La Jornada Semanal, 1 de junio de 1997
En 1996, Augusto Monterroso obtuvo el Premio Internacional Juan Rulfo, publicó sus Cuentos Completos en Alfaguara y su Tríptico en el FCE. Además, recibió el doctorado honoris causa de la Universidad de Guatemala y fungió como testigo de honor en la firma de los acuerdos de paz entre la guerrilla y el gobierno guatemalteco. En ese año pletórico de actividades, Monterroso no dejó de reflexionar en su tema central, los libros. Ofrecemos un ensayo tan breve como inagotable en el que el autor de La Oveja Negra visita las bibliotecas pobres que, paradójicamente, suelen ser las mejores.

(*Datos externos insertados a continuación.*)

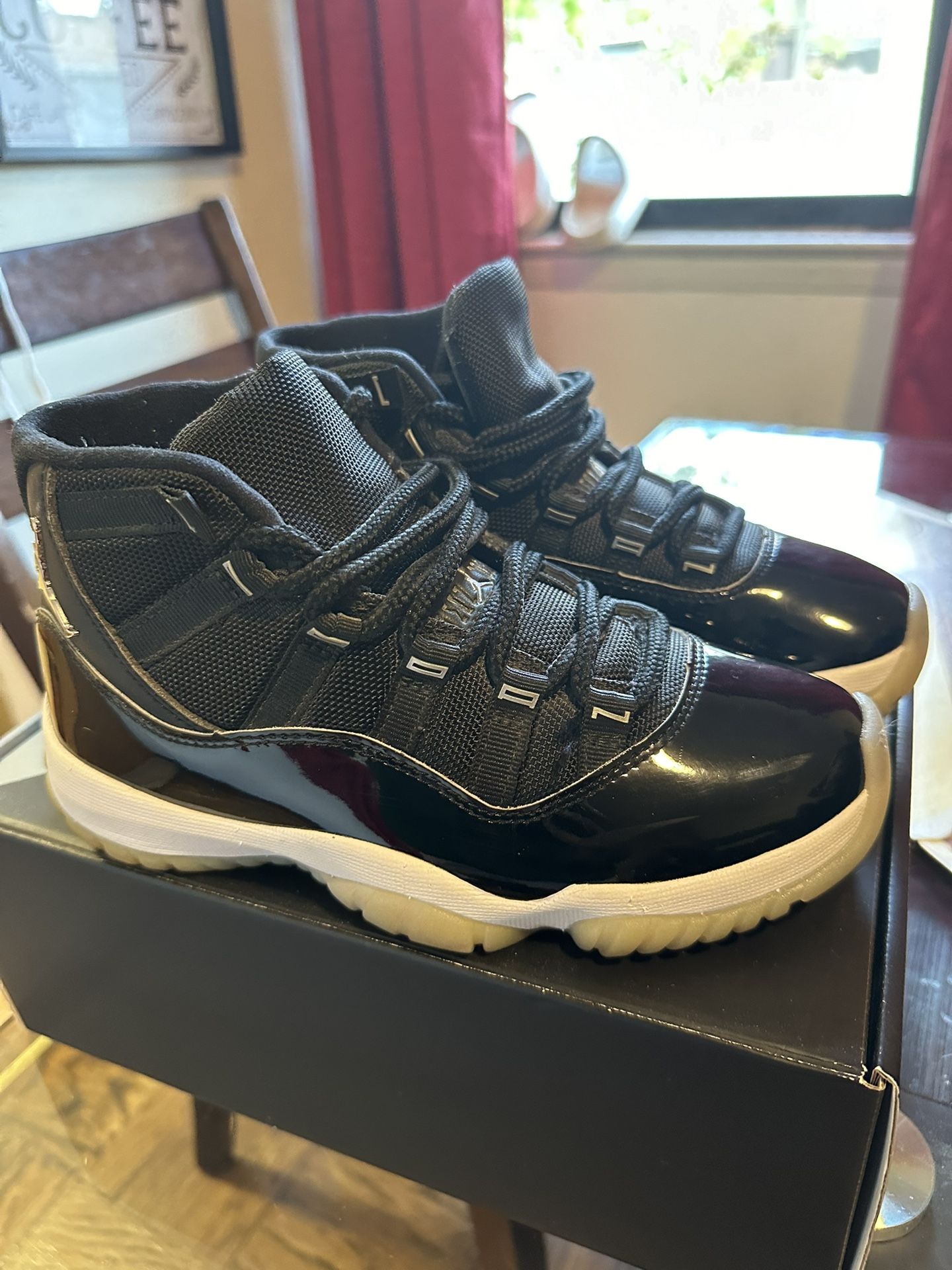 Jordan 11s Buy Jordan Jubilee Size 5,5 Air Jordan 11 Retro GS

Mi biblioteca es la Biblioteca, le gustaba decir al gran maestro dominicano Pedro Henríquez Ureña, hombre de libros que no quería tenerlos en su casa. Y los que amamos los libros sabemos por qué. En una ocasión quise deshacerme de quinientos de ellos. No pude, y ya lo he contado. En un libro, por supuesto, del cual hoy alguien querrá deshacerse. Envíelo a la Biblioteca de su barrio.
En los años de mi adolescencia, la Biblioteca de Guatemala fue tambiénmi biblioteca. Tarde tras tarde acudí allí a leer libros que durante horas eran mis libros. La Biblioteca era tan pobre que sólo contaba con libros buenos. Constituyó una suerte para mí que su presupuesto fuera tan escaso que no podía darse el lujo de comprar libros malos, es decir, modernos. No era ése el reino de Hemingway ni de nadie que se le pareciera. De este modo, durante meses leí ahí el Quijote en los bellos volúmenes de la llamada Edición del Centenario, que preparó don Francisco Rodríguez Marín, por quien aprendí a gozar las notas de pie de página, la erudición, y, de paso, a odiar a don Diego Clemencín, la bte noire de aquel sabio. La Biblioteca era tan pobre, pues, que en ella leí también, y amé, el Oráculo manual de Gracián en su primera edición, que un lento empleado le llevaba a su mesa de lectura al muchacho más o menos desharrapado que era yo entonces. Y todavía no me explico cómo eso era posible. Y cuando en mi insomnio recuerdo aquellos días, pienso con temor si aquel volumen continuará allí, y, en caso de que así sea, a qué se deberá el milagro.